The error massage is: 2019-06-06 20:04:31.386792: W tensorflow/core/common_runtime/bfc_allocator.cc:267] Allocator (GPU_0_bfc) ran out of memory trying to allocate 43.75MiB. Current allocation summary follows. 2019-06-06 20:04:31.386936: I tensorflow/core/common_runtime/bfc_allocator.cc:597] Bin (256): Total Chunks: 664, Chunks in use: 664. 166.0KiB allocated for chunks. 166.0KiB in use in bin. 8.9KiB client-requested in use in bin.
2019-06-06 20:04:31.396827: W tensorflow/core/framework/op_kernel.cc:1401] OP_REQUIRES failed at matmul_op.cc:478 : Resource exhausted: OOM when allocating tensor with shape[44800,256] and type float on /job:localhost/replica:0/task:0/device:GPU:0 by allocator GPU_0_bfc
I was trying to plot the memory consumption after each epoch. I got the following plot
The hyperparameter configuration was:
batch_size: 256, cl_decay_steps: 2000, filter_type: 'laplacian', horizon': 12, input_dim: 2, l1_decay': 0, max_diffusion_step: 1, num_nodes: 175, num_rnn_layers: 2, output_dim: 1, rnn_units: 64, seq_len: 12, use_curriculum_learning: True, base_lr: 0.01, epochs: 62, epsilon: 0.001, global_step: 0, lr_decay_ratio: 0.05, max_grad_norm: 9, max_to_keep: 100, min_learning_rate: 2e-06, optimizer': adagrad, patience: 50, steps: [20, 30, 40, 50], test_every_n_epochs: 10
I got the error after 30 epochs.
Is there any solution or suggestion? :)
It seems that the following codes will add nodes into computation graph per epoch.
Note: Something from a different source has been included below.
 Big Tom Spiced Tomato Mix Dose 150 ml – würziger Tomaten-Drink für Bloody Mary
Every epoch we create new nodes in graph so that the graph will be larger and larger.
labels = model.labels[..., :output_dim]
loss = self._loss_fn(preds=preds, labels=labels)
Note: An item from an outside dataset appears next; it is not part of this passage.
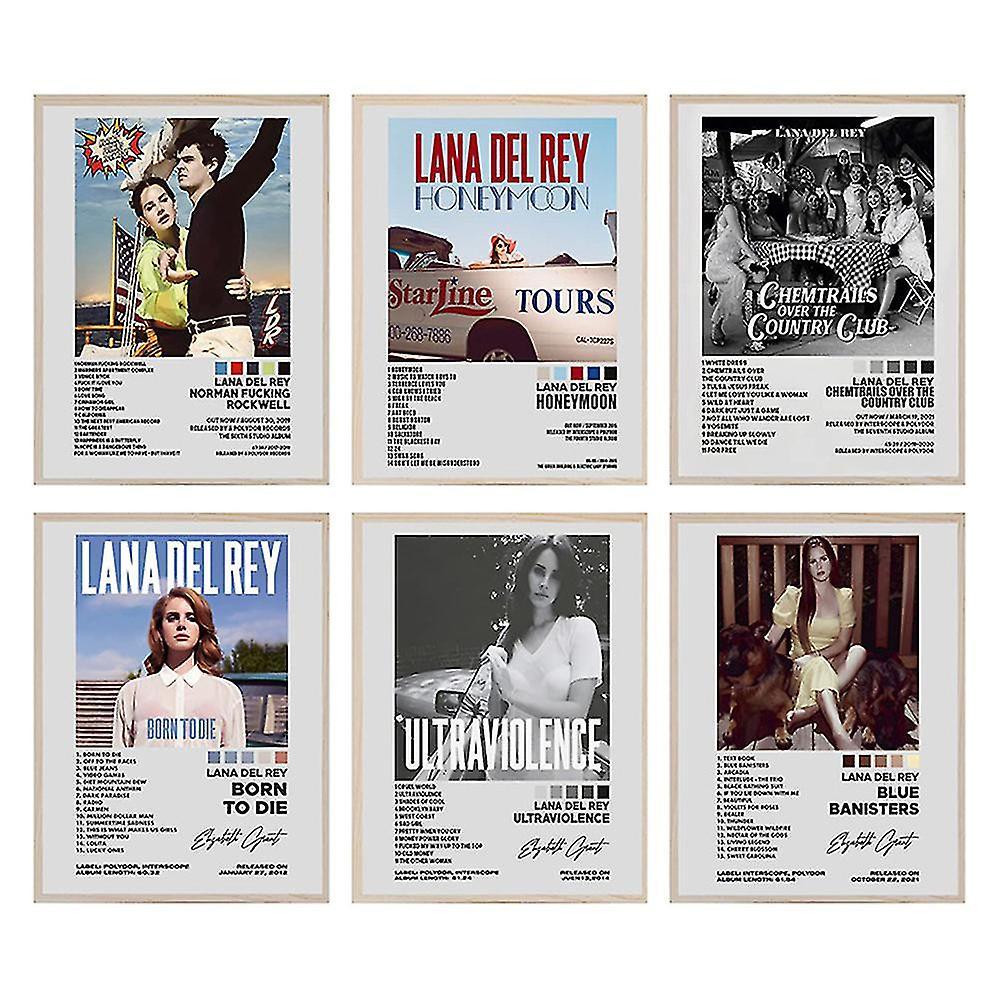 Shinestar Lana Del Rey Poster Album Poster Ldr Music Album Poster For Room Aesthetic Canvas Wall Art Bedroom Decor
A possible solution is that creating loss node in graph in class DCRNNModel
initialization instead of
in function run_epoch_generator
.
Any further updates on when this fix will be added?
It is better to define loss node in the graph in class DCRNNModel initialization. Then inside run_epoch_generator model.loss and model.mae can be used.
For a quick fix, I initialized the training and testing loss separately during the initialization of DCRNNSupervisor.
preds = self._train_model.outputs
labels = self._train_model.labels[..., :output_dim]
self.preds_test = self._test_model.outputs
self.labels_test = self._test_model.labels[..., :output_dim]
self._train_loss = self._loss_fn(preds=preds, labels=labels)
self._test_loss = self._loss_fn(preds=self.preds_test, labels=self.labels_test)
Inside run_epoch_generator:
if training:
fetches = {
'loss': self._train_loss,
'mae': self._train_loss,
'global_step': tf.train.get_or_create_global_step()
}
else:
fetches = {
'loss': self._test_loss,
'mae': self._test_loss,
'global_step': tf.train.get_or_create_global_step()
}
In the paper, how did you plot the learned localized filters centered at different nodes (Figure 7 in the paper)? Is that code available?
def run_epoch_generator(self, sess, model, data_generator, return_output=False, training=False, writer=None): output_dim = self._model_kwargs.get('output_dim') preds = model.outputs labels = model.labels[..., :output_dim] loss = self._loss_fn(preds=preds, labels=labels)
This part of the code has a memory leak. Getting OOM error after several epochs.